It's like the Reduced Shakespeare. Only instead of imagining that we need to know what happens as quickly as possible at the expense of the texture of the play, imagine that the characters know that they are in a movie.
Cooper: So...how many planets are we visiting?
Cooper: Okay, so we know that the third will be okay, because it's not that kind of movie. So let's go there.
Romilly: But that would drastically curtail the proleptic irony.
Cooper: Oh, right.
Doyle: So, what's on the first planet?
Romilly: We can assume it's bad. Where is it?
Doyle: It's orbiting that gigantic black hole.
Brand: That should be a clue, people! Anything down there will be subject to a massive tidal pull.

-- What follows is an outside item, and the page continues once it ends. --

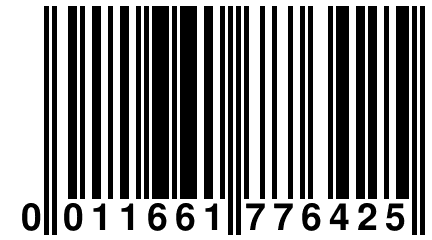 0 011661 776425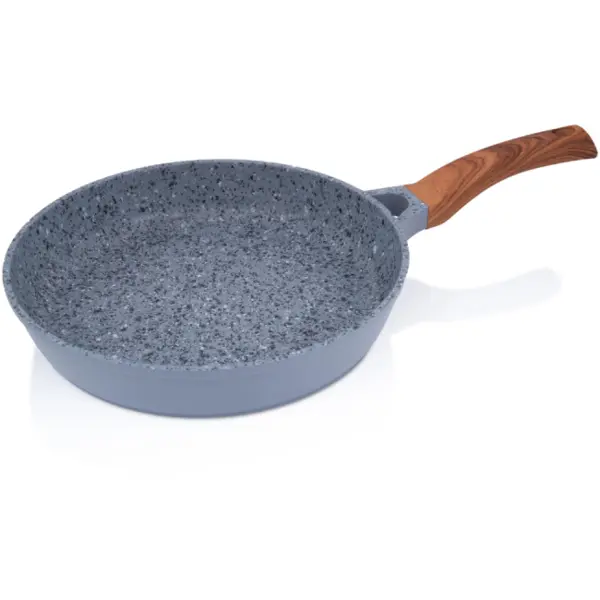 Metalac Tigaie Metalac Gurmeo T04068, Aluminiu, Diametru 26 cm, Gri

And physical obstacles are stark and best to encounter up front, rather than more subtle character-based obstacles.
Cooper: Okay. Maybe we can get away with discussing why not to go there for some time. Or maybe just a few of us will go down. Doyle, come with me, because you have to die first: you have a beard and we don't know anything about your back story.

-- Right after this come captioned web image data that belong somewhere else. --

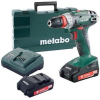 Дрель-шуруповерт Metabo BS 18 Set [602207880]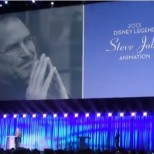 Стив Джобс получил награду Disney Legends Award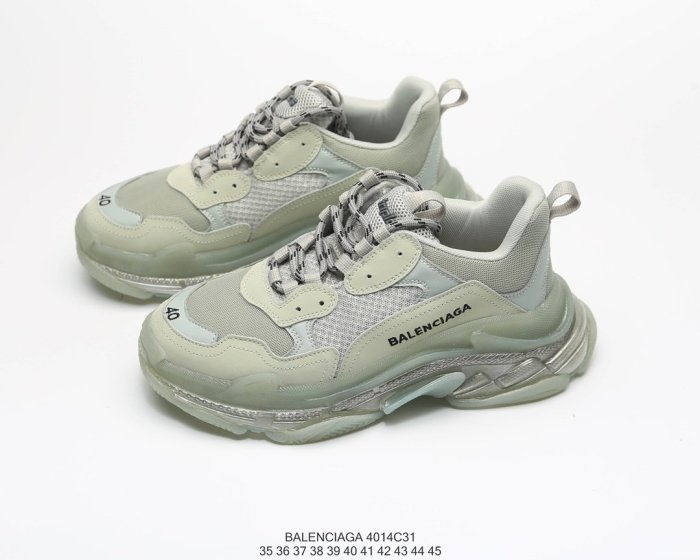 Balenciaga Men Womens Shoes Triple S Sneaker 4014C31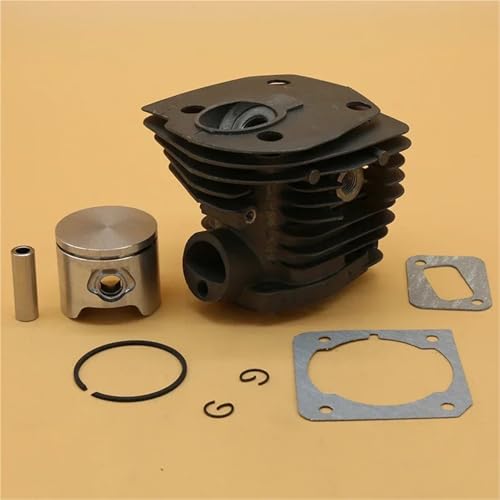 LAVAS 44mm Zylinderkopf Kolben Dichtung Kit for HUSQVARNA 350 351 353 345 340 346XP Garten Kettensäge Motor Motor Rebuild Kit OEM 537253 von LAVAS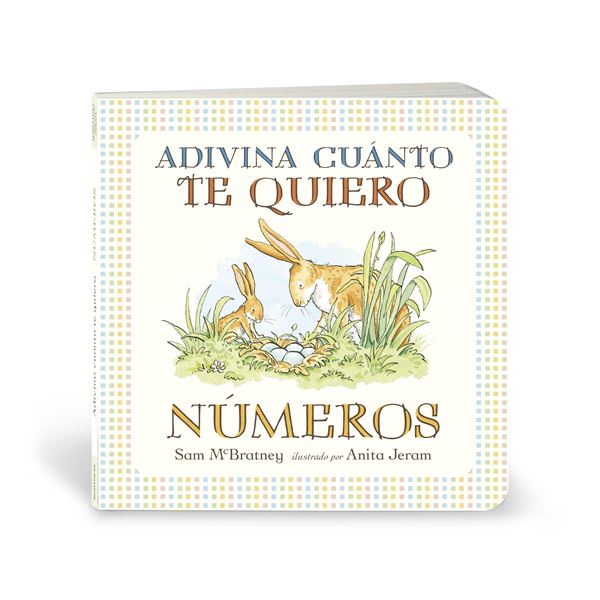 Adivina cuánto te quiero. Números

Romilly: Remember that we're also trying to avoid the blatant racist form where the black guy gets killed first.
Doyle: Good point!
Brand: And that will give me and Cooper a chance to have a fight that prepares the way for our eventual fusion.

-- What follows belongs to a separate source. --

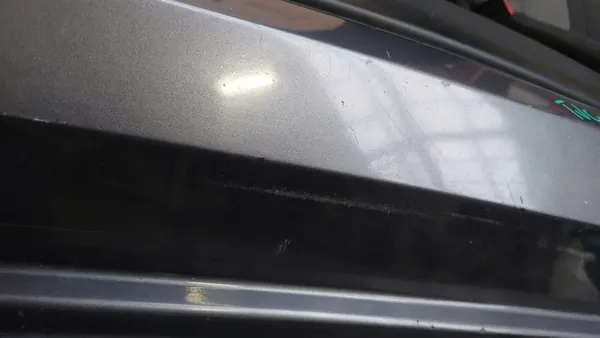 Pare-chocs arrière Hyundai Tucson III 15-18 PDC Couleur WG3 image 6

Cooper: So...the first planet is physically very bad news. Which means that...
Brand: The second one will be bad news psychologically.
Cooper: Exactly! Okay, that means someone is going to try to kill us or drastically thwart us. Who's down there?
Doyle: Matt Damon.
Cooper: Is this Good Will Hunting?
Cooper: So we can assume it's evil Matt Damon. Goddammit. Why did it have to be evil Matt Damon? He's gonna kick my ass. Romilly, I'm sorry--because we already know this is a love story and because Brand and I have exchanged barbs early on enough in the movie to convince us all that we will eventually fall in love, I'm afraid you are the one whom evil Damon will kill. DE-tach!